Questerre Energy Corporation (TSX,OSE:QEC) reported on its preliminary financial and operating results for the year ended December 31, 2011.
Michael Binnion, President and Chief Executive Officer, commented, "We realigned our strategy in 2011. With development of our Utica shale gas discovery deferred during the environmental assessment in Quebec, we looked for new opportunities in unconventional oil to create value for our shareholders. We also committed to grow our conventional assets to create a reserve of capital. I am pleased to report we made excellent progress on both of these fronts during the year."
- Executed new oil shale strategy through Letter of Intent with Red Leaf Resources and acquisition of 100,000 net acres
- Grew conventional asset base with successful light oil drilling program in Antler, Saskatchewan
- Exploration licenses in St. Lawrence Lowlands, Quebec extended by up to three years to 2021 during strategic environmental assessment for shale gas development
- Increasing oil production leveraged higher prices and generated cash flow from operations of $10.06 million with average daily production of 646 boe/d
- Grew NPV-10 for our proved and probable reserves to $102 million
- Maintained financial strength with over $104 million in positive working capital and no debt
Mr. Binnion added, "Our proposed strategic investment in oil shale gives us the potential to benefit from another major shift in energy markets. With our portfolio of oil shale assets and the right to license Red Leaf's process, we are looking to add significant oil resources to complement our gas resources in Quebec. We expect this investment to close before the end of the first quarter of this year."

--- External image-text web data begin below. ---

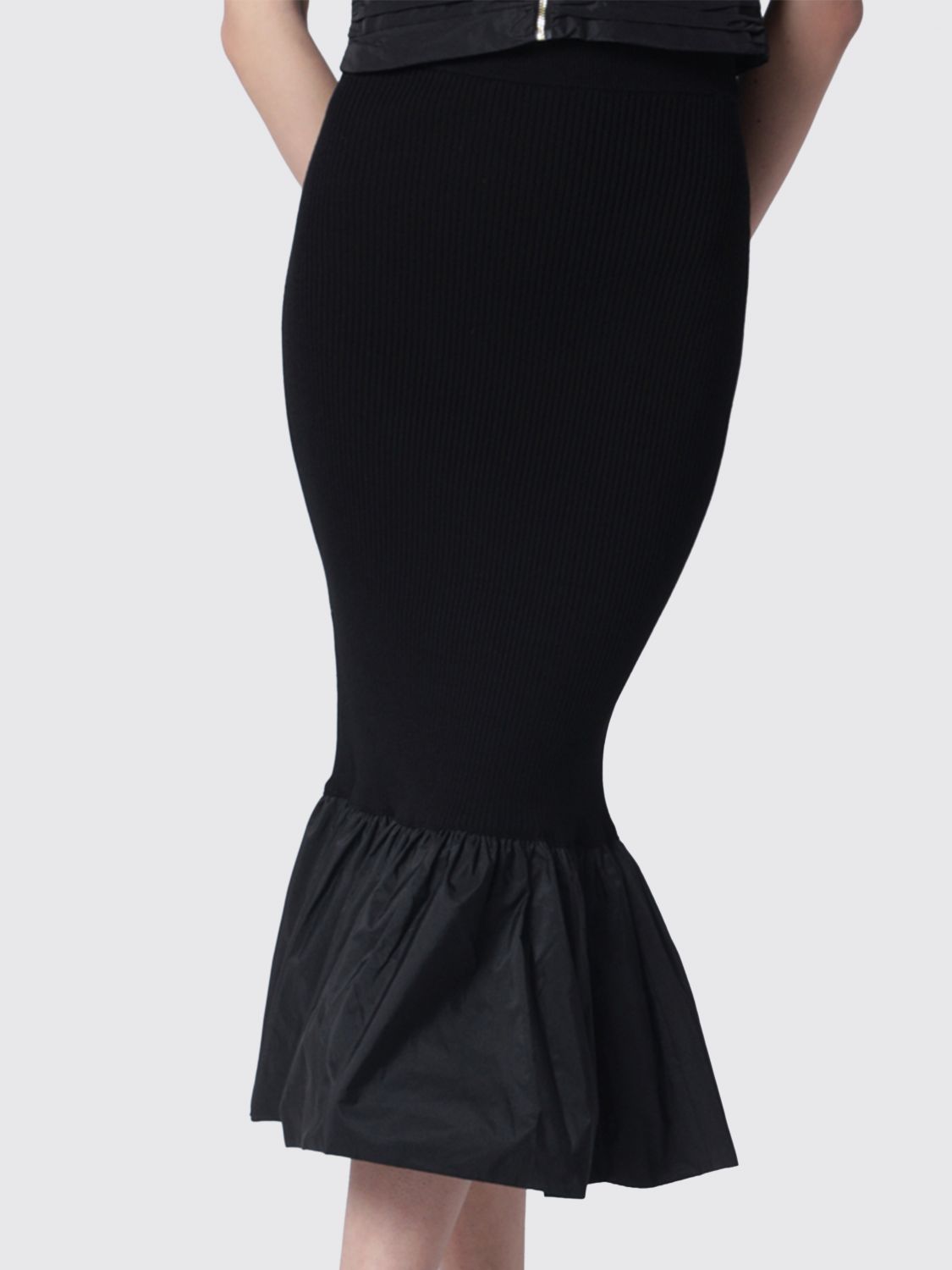 Skirt Woman color Black
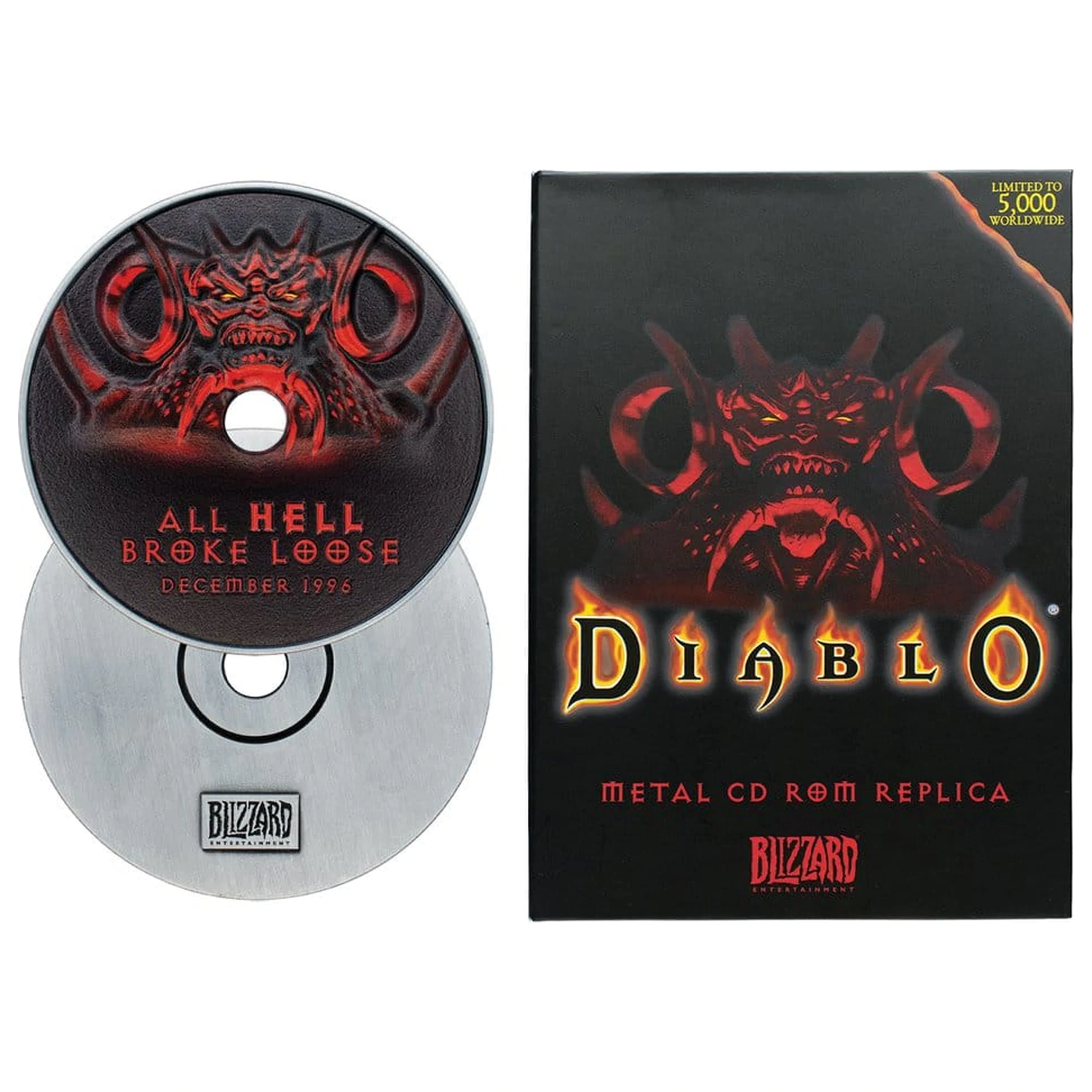 Diablo Replica 30th Anniversary CD-ROM limitovaná edícia 11 cm produktová fotografia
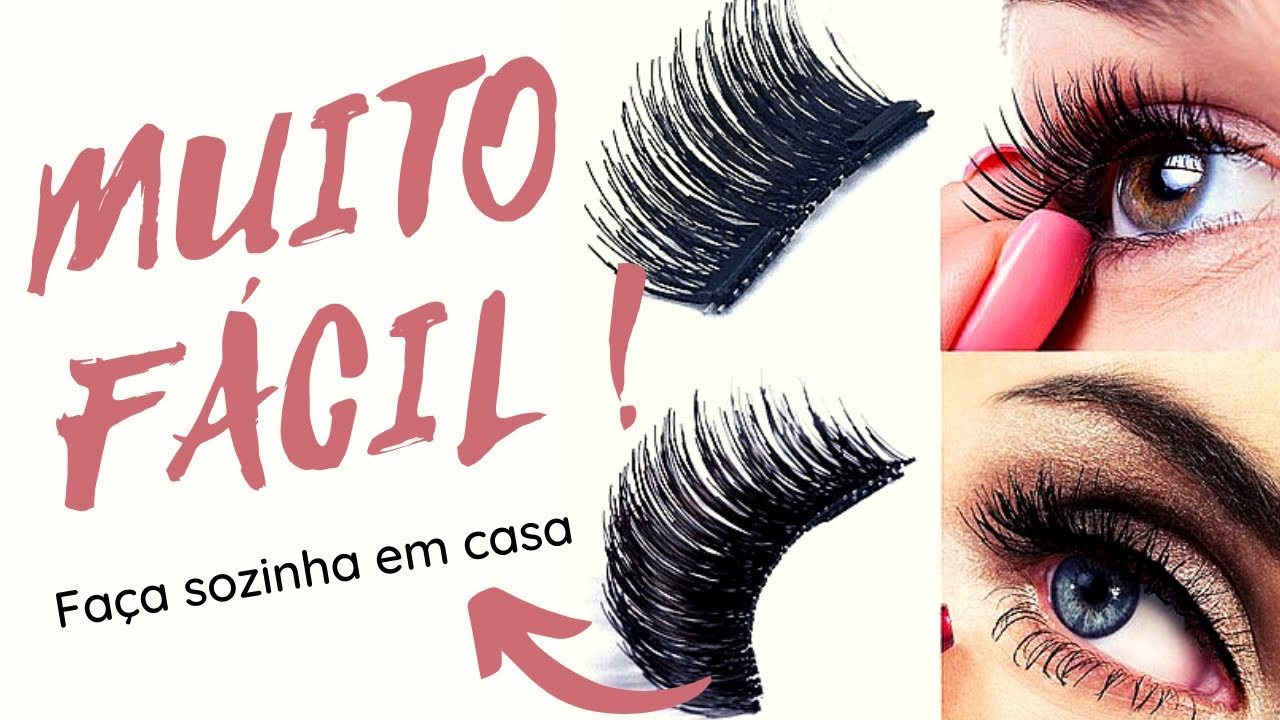 COMO COLOCAR CÍLIOS POSTIÇOS SEM ERROS ! FAÇA SOZINHA, INICIANTE | BEM FÁCIL
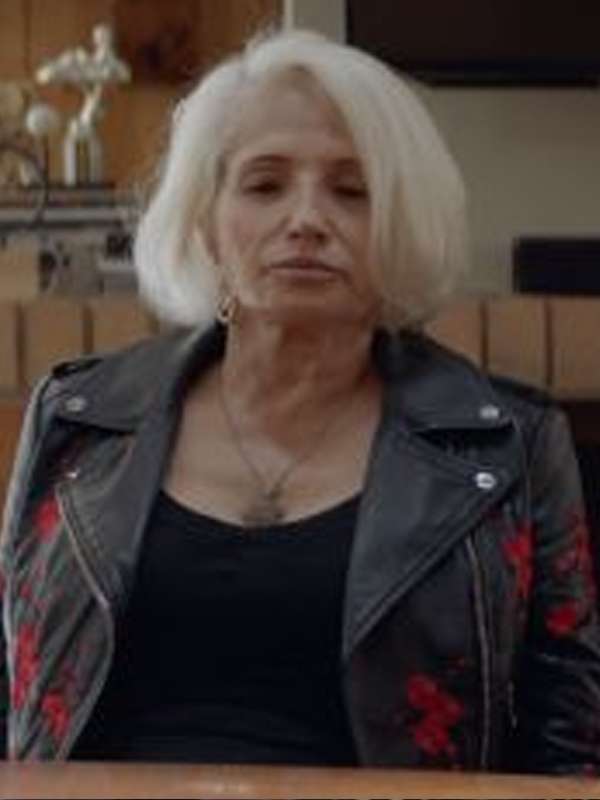 Janine Cody Animal Kingdom S03 Black Leather Jacket
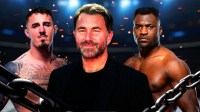 francis ngannou, tom aspinall, eddie hearn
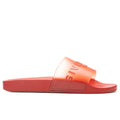 Slide Flat Sandals Dark Orange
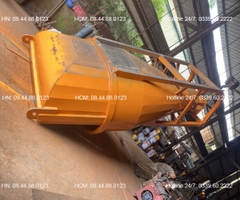 Phễu đổ bê tông nằm ngang 2m3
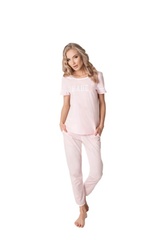Aruelle babe long pink piżama damska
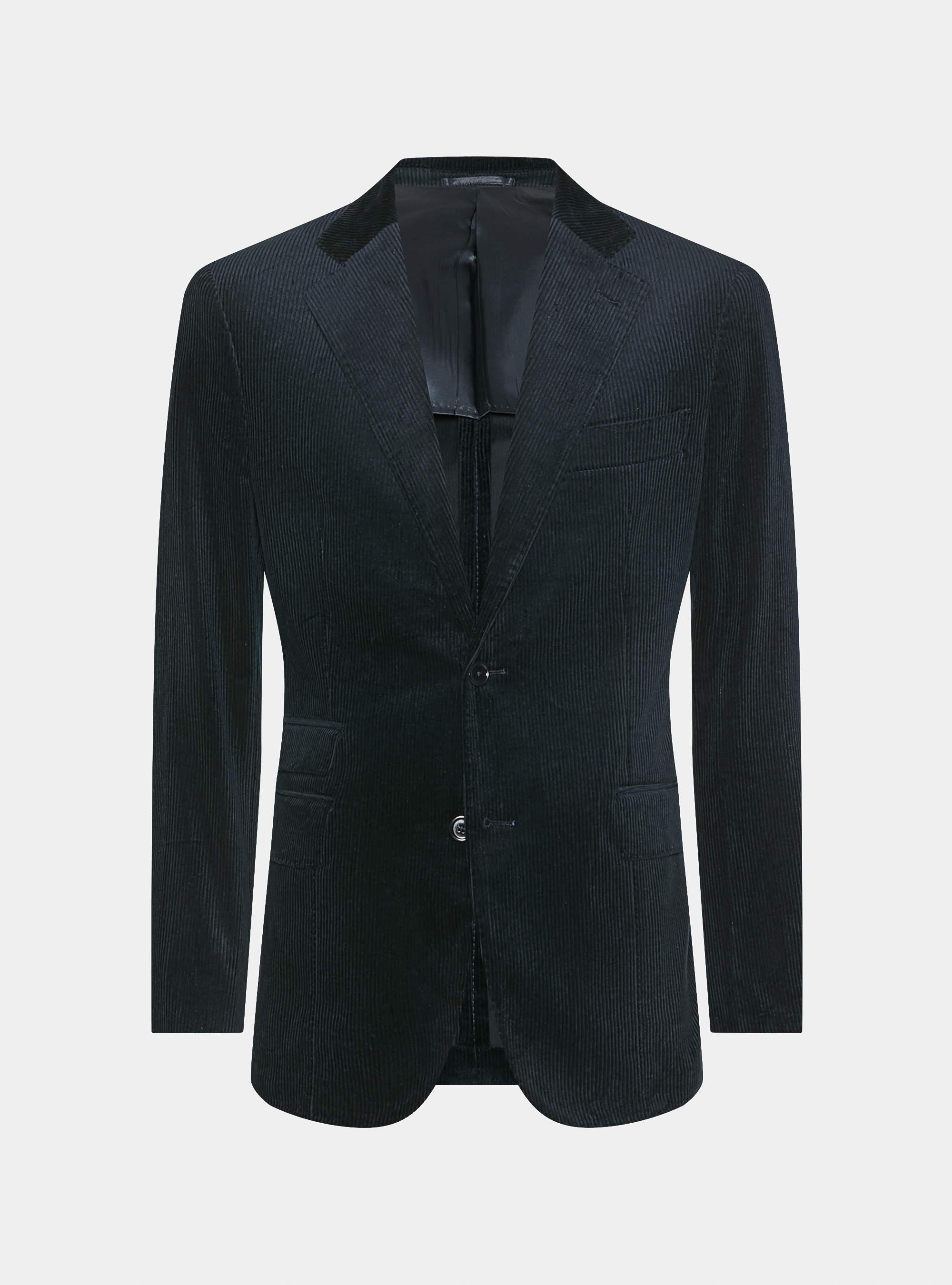 Duca Visconti di Modrone corduroy blazer, NAVY BLUE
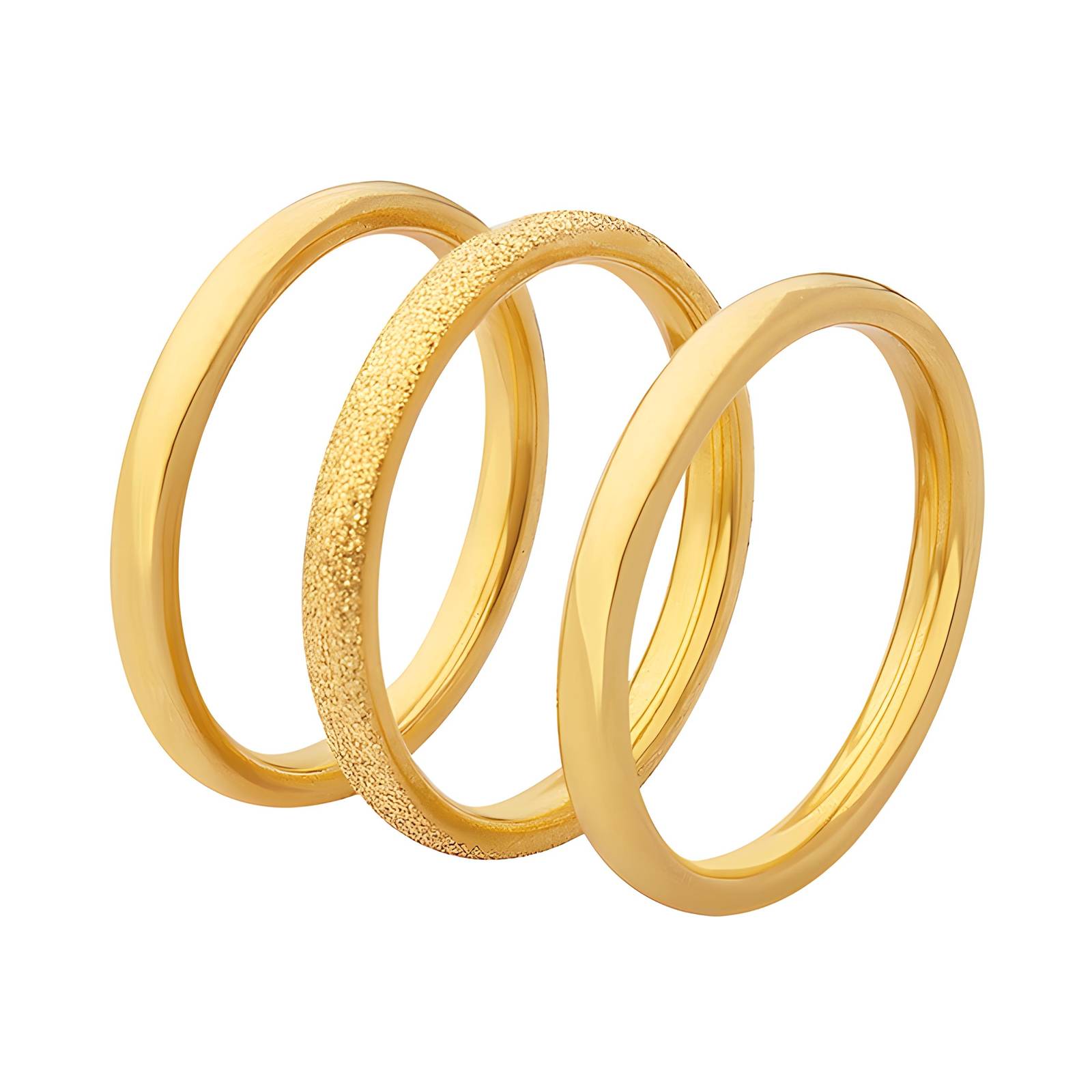 18K gold plated Stainless steel finger ring, Intensity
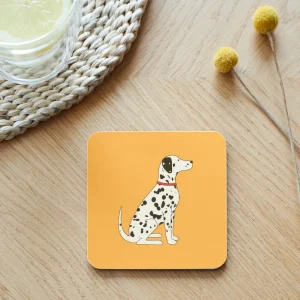 Sous verre  Dalmatien assis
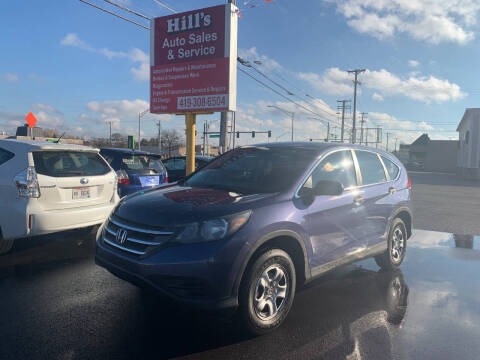 2013 Honda CR-V for sale at Hill's Auto Sales LLC in Bowling Green OH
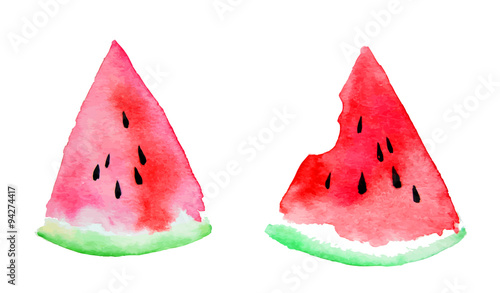 watercolor of watermelon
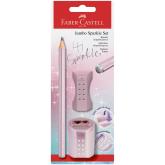 Grafitov ceruzka Sparkle Jumbo + guma +strhadlo, BL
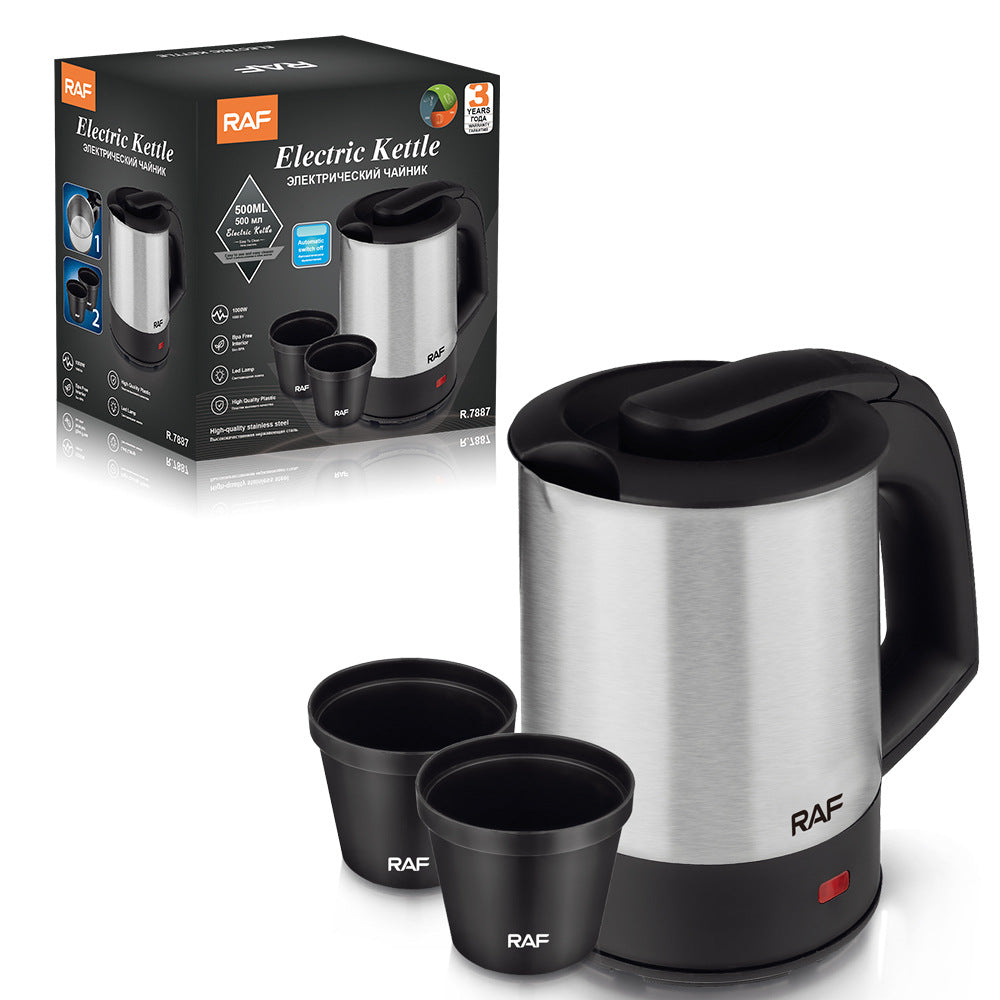 European Standard Stainless Steel Electric Kettle Manufacturer Wholesale Hot Water Kettle/Electric Kettle/The kettle automatically shuts off when boiling water0.5L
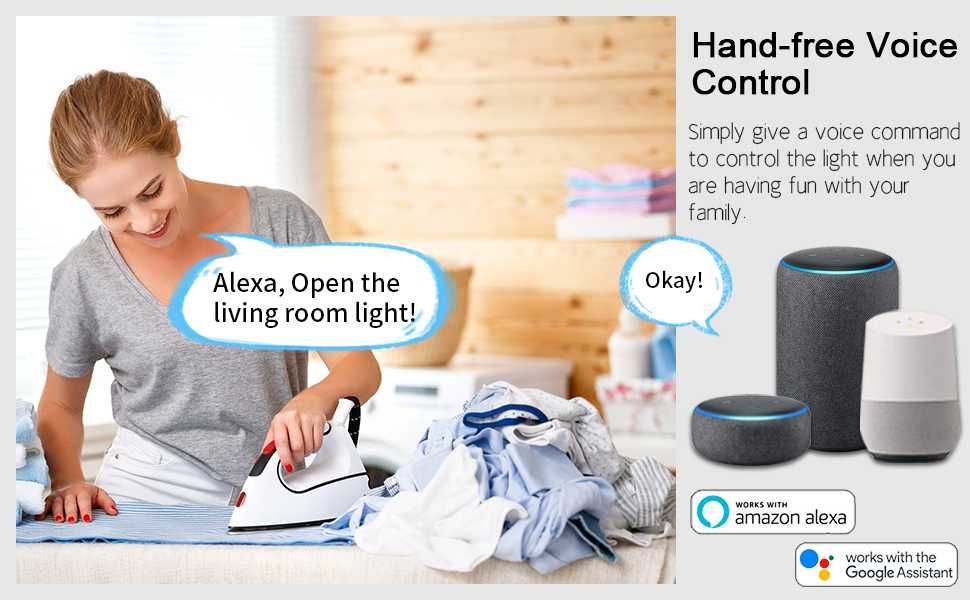 Întrerupător tactil inteligent WiFi cu priză dublă, ramă de sticlă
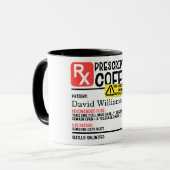 Mug de café d'ordonnance personnalisée (Devant gauche)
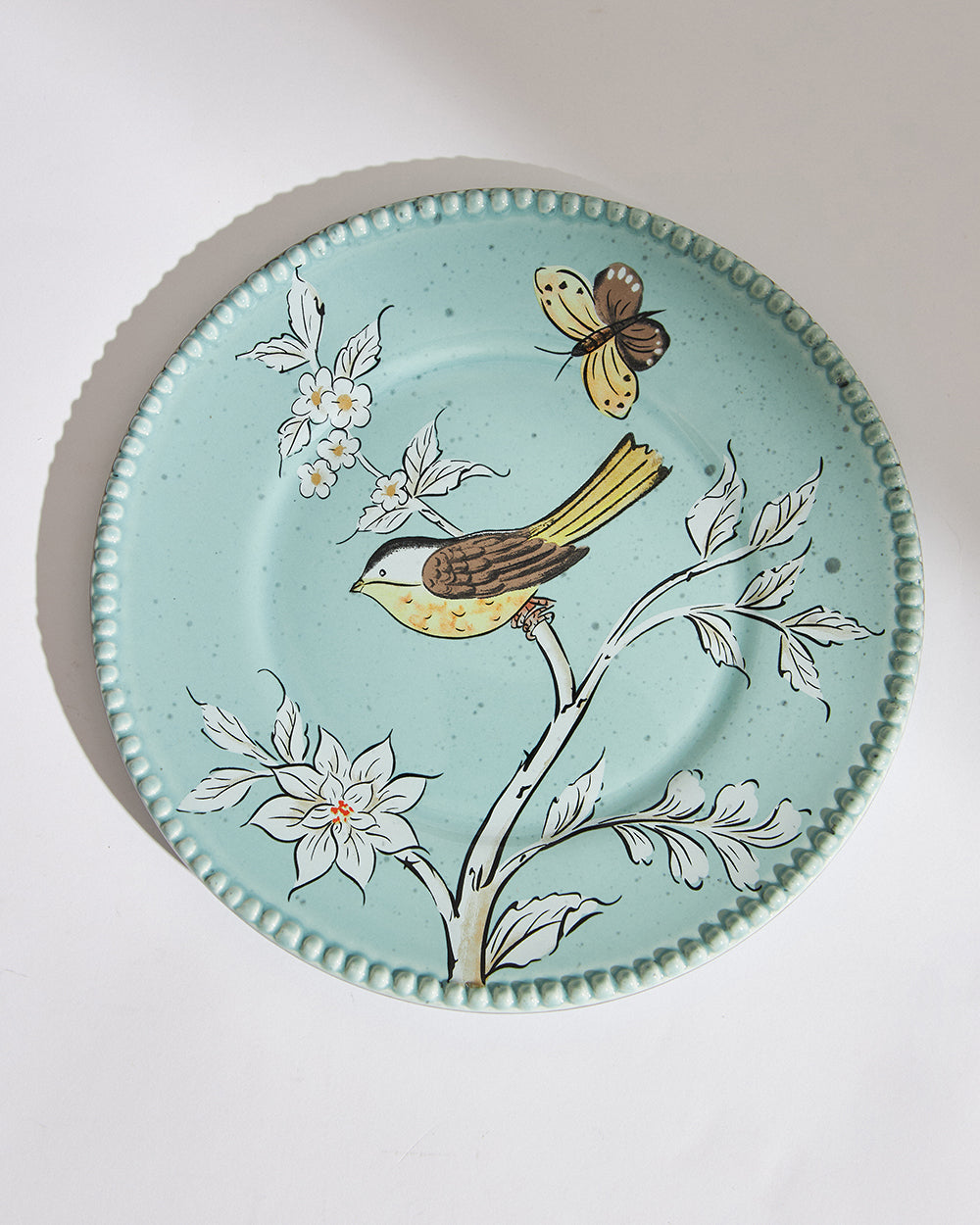 Flora Bird Dessert Plate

He further commented, "While we move the oil shale assets from assessment and piloting to commercial development over the next two to three years, our conventional assets and cash will provide a base of capital in the interim. During the year we grew our light oil assets in Antler through a successful drilling program and a property acquisition. We invested $40.77 million in our assets, approximately 80% in Antler, and added over 850,000 barrels in light oil reserves. The value of our proved and probable reserves on an NPV-10 basis grew from $67 million to $102 million with oil and liquids accounting for 92% of the reserve base. With spring breakup approaching, we are operating with one rig and will re-contract drilling and completion equipment this summer. We plan to grow production through a combination of continued drilling and a secondary recovery scheme at Antler as well as new projects like our liquids-rich Montney prospect. We are targeting production of 1,500 - 2,000 boe/d by 2013 to coincide with the environmental process in Quebec."
For the year ended December 31, 2011, the Company reported cash flow from operations of $10.06 million as compared to $4.74 million for the prior year. An increased proportion of light oil from Antler and higher oil prices were largely responsible for the increase in cash flow over the prior year. Questerre's production averaged 646 boe/d (2010: 619 boe/d) with oil and liquids accounting for 76% (2010: 53%) of the product mix. As at December 31, 2011, the Company reported a working capital surplus of $104.48 million (2010: $136.08 million).
The Company also reported on the evaluation of its proved and probable reserves as at December 31, 2011. The report was prepared in accordance with the COGE Handbook by McDaniel & Associates with an effective date of December 31, 2011.
In accordance with the requirements of National Instrument 51-101, Standards of Disclosure for Oil and Gas Activities of the Canadian Securities Administrators, the Company anticipates filing its Annual Information Form that includes more detailed disclosure and reports relating to petroleum and natural gas activities for the 2011 fiscal year at the end of March 2012.